**Exercise brief:**
Starting at the line with "Old Antique Print", retype every remaining line of the records exactly. Do not include pictures.

(Pictures with short captions)

____

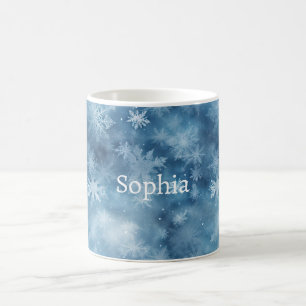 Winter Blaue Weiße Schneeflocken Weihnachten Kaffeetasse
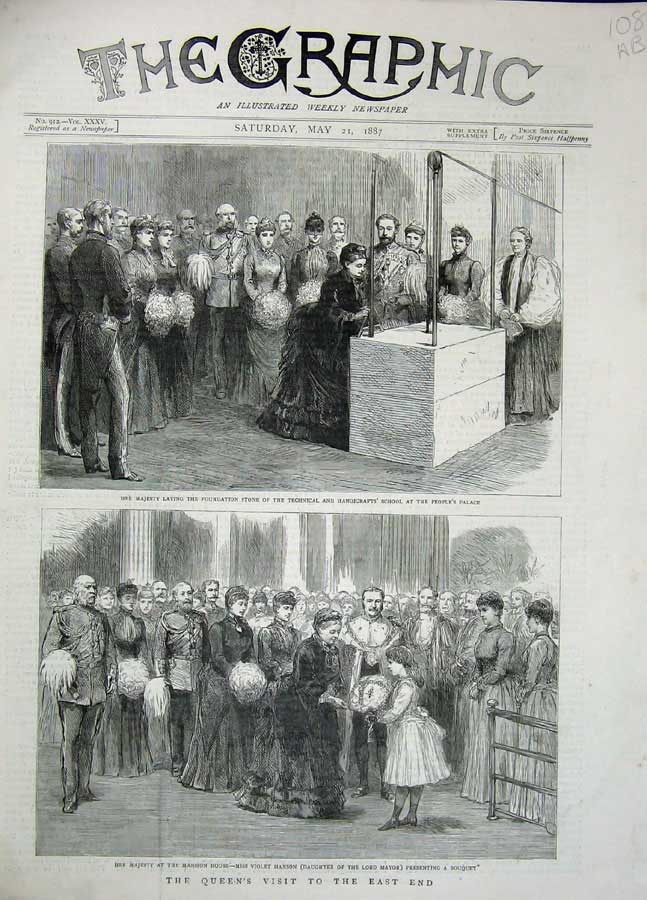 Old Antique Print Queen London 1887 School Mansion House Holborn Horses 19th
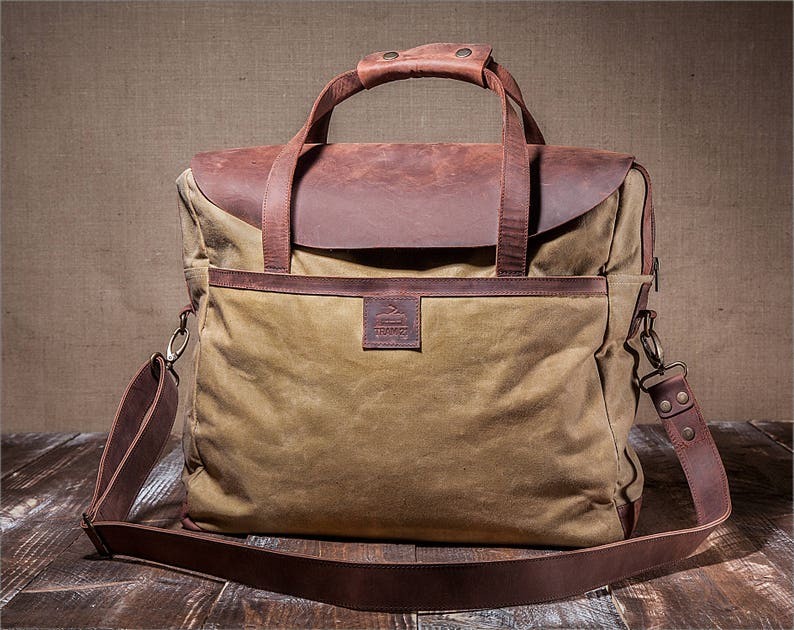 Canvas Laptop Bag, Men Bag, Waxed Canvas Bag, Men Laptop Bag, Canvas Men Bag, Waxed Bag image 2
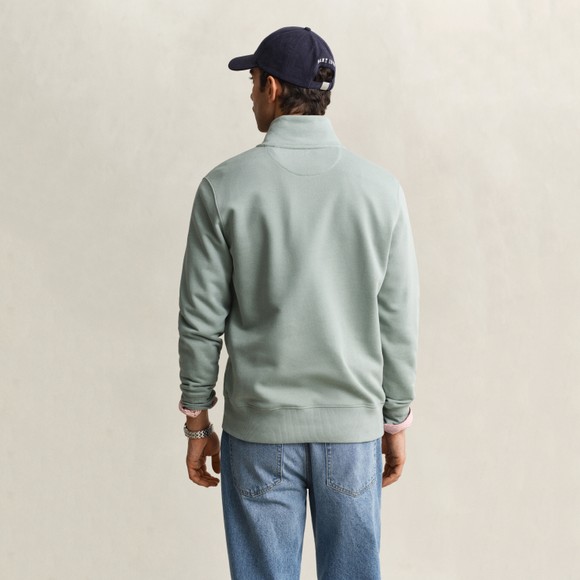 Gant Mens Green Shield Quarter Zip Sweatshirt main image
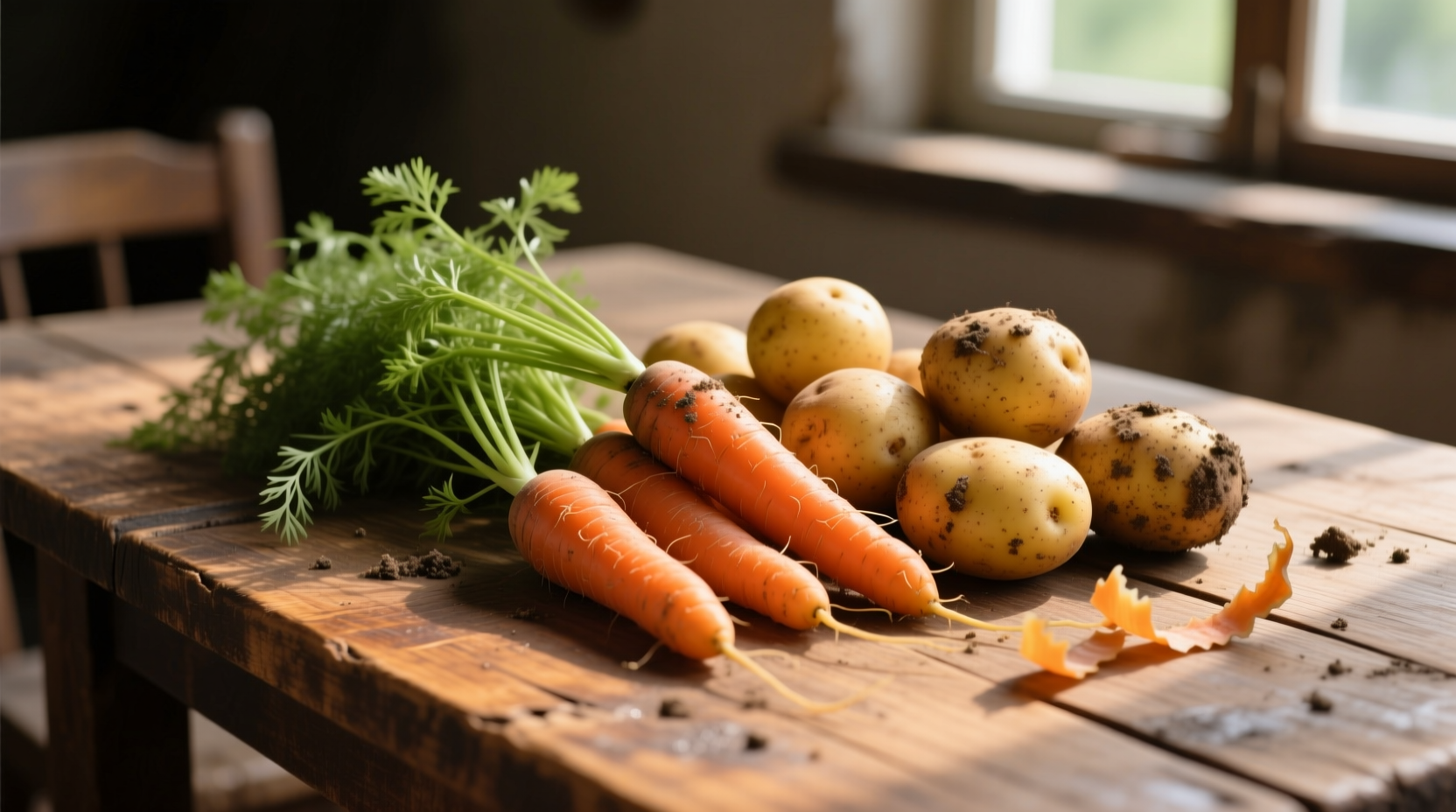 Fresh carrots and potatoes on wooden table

____

**Exercise answer:**
 Old Antique Print Queen London 1887 School Mansion House Holborn Horses 19th
 Canvas Laptop Bag, Men Bag, Waxed Canvas Bag, Men Laptop Bag, Canvas Men Bag, Waxed Bag image 2
 Gant Mens Green Shield Quarter Zip Sweatshirt main image
 Fresh carrots and potatoes on wooden table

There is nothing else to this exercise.